Data bank

Print edition : December 05, 2008

At the Spacecraft Control Centre of the ISRO Telemetry, Tracking and Command Network, at Peenya in Bangalore.-K. MURALI KUMAR

The Indian Space Science Data Centre will ingest, archive and disseminate payload data for all space science missions.

A WEEK before the launch it looked like the most unlikely place to house the all-important Indian Space Science Data Centre (ISSDC) for the Chandrayaan-1 lunar orbiter mission. The ISSDC is intended to be, according to the website of the Indian Space Research Organisation (ISRO), the primary data centre for the payload data archives of Indian space science missions. This data centre will be responsible for the ingestion, archiving and dissemination of the payload data and related ancillary data for all space science missions.

The centres building, located next to the building on which stands the massive deep space antenna DSN-32 on the Indian Deep Space Network (IDSN) campus at Byalalu near Bangalore, was under construction and one wondered how it would be ready in time for the launch. Of course, the data from the 11 on-board experiments would start coming in only after the satellite reached the final lunar pole-to-pole orbit, which would be around November 15. Even then the ISSDC building was far from a state requiring only the final touches.

One had to make ones way past piled-up stones, cement, tiles, bricks and water puddles, and construction workers who were busy obviously working against time. But inside the under-construction building, you were in for a surprise. It seemed that, given the fast-approaching launch schedule, it had become necessary to get the data infrastructure ready first and then the building shell around it. To turn around what is usual in construction business must have required some ingenuity on the part of the civil engineers and the building contractors.

To the right of what would eventually be the main entrance to the building is a corridor. To the left of that is a big hall housing massive computer systems and allied electronics. To the right of the corridor are several smaller rooms with scores of PCs at which people were busy poring over tables and graphs displayed on large desktop monitors. To the left of the main entrance is another huge hall with several video monitors, much like a satellite control room. It is indeed what one may call the instrument control room.

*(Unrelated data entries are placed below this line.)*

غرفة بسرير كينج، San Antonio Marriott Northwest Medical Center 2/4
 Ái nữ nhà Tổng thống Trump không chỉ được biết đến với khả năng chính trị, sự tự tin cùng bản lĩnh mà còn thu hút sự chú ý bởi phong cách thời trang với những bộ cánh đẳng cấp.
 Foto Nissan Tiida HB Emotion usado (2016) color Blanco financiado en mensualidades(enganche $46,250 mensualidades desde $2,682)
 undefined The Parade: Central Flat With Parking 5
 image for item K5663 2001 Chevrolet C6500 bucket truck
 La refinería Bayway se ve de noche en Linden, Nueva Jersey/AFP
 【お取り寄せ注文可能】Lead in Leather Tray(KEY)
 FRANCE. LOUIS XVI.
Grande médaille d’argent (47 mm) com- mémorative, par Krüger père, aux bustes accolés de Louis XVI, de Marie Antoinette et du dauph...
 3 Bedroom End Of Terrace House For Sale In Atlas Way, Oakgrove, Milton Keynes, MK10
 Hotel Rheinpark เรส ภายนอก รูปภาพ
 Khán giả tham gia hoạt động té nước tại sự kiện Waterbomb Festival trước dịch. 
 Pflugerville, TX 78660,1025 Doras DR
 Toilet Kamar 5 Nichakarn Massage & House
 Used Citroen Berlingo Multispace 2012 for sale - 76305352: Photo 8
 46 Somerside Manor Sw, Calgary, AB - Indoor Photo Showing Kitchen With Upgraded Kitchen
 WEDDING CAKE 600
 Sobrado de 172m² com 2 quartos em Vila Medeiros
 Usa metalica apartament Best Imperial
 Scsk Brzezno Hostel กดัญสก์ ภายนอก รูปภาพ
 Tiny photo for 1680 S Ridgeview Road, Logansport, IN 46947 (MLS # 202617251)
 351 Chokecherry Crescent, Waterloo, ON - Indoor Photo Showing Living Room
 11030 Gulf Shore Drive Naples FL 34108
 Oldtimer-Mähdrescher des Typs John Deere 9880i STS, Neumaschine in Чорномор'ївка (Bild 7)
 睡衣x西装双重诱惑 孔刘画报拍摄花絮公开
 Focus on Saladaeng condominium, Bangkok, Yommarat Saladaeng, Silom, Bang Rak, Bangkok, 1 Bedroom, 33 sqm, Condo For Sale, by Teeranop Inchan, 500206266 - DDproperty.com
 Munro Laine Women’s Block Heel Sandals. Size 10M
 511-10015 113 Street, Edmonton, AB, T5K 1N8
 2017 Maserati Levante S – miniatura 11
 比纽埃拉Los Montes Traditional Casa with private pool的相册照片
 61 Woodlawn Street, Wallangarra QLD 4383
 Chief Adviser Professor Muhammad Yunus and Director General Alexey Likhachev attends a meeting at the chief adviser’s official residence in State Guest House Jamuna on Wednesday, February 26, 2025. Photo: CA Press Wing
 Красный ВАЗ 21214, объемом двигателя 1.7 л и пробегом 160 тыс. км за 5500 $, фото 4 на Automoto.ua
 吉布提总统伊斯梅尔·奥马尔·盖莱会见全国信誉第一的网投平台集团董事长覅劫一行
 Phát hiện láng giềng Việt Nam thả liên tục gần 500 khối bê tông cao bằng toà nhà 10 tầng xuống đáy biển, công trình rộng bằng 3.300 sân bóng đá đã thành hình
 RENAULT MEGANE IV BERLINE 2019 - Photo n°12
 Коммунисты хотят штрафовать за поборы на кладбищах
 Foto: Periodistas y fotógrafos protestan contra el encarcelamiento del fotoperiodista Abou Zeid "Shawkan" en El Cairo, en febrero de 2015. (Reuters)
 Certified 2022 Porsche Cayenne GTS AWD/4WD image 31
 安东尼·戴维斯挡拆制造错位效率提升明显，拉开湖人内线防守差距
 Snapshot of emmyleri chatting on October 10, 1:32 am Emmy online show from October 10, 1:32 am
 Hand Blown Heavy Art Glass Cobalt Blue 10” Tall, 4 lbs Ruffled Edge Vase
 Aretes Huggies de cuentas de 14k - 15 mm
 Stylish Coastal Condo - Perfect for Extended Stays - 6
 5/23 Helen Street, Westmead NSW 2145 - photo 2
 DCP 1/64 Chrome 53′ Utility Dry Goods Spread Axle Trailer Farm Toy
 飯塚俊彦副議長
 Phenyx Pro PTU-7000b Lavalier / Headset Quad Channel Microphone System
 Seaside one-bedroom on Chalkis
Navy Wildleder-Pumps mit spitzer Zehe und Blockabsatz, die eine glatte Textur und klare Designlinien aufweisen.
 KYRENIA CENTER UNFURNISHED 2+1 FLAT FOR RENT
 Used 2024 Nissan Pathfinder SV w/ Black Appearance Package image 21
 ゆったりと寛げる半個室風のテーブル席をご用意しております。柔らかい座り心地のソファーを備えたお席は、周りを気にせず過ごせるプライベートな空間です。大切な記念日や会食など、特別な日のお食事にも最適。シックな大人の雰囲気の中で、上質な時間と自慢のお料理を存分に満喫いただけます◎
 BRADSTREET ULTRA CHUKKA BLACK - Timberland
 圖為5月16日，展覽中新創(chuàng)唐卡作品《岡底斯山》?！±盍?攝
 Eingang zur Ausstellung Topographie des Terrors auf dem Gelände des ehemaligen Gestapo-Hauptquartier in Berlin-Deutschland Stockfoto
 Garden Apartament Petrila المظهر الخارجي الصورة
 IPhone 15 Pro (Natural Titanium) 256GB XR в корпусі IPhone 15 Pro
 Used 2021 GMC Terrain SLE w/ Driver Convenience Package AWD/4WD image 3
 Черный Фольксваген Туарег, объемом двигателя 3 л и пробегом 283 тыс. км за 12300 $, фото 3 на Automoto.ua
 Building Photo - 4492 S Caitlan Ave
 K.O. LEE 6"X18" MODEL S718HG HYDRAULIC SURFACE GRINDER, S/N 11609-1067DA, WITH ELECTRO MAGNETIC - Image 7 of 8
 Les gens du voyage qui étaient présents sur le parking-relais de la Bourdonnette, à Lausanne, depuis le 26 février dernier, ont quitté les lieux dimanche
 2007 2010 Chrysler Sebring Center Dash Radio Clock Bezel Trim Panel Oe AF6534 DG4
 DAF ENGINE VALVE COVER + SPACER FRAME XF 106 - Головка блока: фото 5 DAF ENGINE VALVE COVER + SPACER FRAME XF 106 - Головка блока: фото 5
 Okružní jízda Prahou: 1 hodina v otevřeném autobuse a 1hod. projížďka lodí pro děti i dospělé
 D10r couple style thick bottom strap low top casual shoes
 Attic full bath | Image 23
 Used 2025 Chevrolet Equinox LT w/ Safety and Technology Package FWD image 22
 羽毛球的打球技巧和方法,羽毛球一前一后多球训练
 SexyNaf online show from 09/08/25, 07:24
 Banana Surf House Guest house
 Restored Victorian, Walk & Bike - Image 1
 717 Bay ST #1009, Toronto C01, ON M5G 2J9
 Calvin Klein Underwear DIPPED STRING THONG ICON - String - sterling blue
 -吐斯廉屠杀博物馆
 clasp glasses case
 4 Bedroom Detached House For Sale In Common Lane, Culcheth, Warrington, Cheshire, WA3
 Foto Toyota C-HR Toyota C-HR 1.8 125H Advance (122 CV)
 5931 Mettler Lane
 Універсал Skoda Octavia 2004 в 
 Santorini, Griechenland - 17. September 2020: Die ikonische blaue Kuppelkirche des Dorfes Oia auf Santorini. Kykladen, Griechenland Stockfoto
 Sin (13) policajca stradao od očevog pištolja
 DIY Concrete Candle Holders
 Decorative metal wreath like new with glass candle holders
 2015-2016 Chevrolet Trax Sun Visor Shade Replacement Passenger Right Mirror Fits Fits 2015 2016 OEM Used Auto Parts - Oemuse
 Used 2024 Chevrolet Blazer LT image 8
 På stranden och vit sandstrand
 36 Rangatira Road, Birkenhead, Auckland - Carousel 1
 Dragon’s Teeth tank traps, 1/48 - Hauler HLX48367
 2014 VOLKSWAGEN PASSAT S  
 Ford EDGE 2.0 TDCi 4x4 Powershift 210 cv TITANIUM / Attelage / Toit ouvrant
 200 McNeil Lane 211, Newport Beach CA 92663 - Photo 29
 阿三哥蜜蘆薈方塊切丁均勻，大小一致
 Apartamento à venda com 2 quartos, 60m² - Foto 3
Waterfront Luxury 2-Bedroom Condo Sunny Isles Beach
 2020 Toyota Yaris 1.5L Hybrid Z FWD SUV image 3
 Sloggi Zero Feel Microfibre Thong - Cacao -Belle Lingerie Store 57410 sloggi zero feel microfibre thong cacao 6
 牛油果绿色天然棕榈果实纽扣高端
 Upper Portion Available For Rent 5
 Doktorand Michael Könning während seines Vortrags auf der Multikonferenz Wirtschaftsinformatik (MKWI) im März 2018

Here were the computers for the principal investigators of the various experiments and their scientist-engineer teams to sit and monitor the performance of their respective instruments via both the video images on the monitors and the data streams in the computers on their desks once the spacecraft reached its designated final 100 km circumpolar orbit around the moon.

The downlink signal that will be received at the antenna control centre at Byalalu will be both in S-band and X-band. The former is meant for communications between the Spacecraft Control Centre (SCC) of the ISRO Telemetry, Tracking and Command Network (ISTRAC) headquarters at Peenya in Bangalore for orbit control and housekeeping operations and the latter for data recorded by the on-board experiments. The signal received by DSN-32 (which is built in what is known as the Cassegrain configuration) is reflected on to a sub-reflector situated at the focus of the large 32-metre-diameter dish, which in turn reflects it towards the centre of the dish where there is an opening. From here the signal is carried by a waveguide comprising a series of seven oval-shaped reflectors into the antenna control room situated under the base of the antenna.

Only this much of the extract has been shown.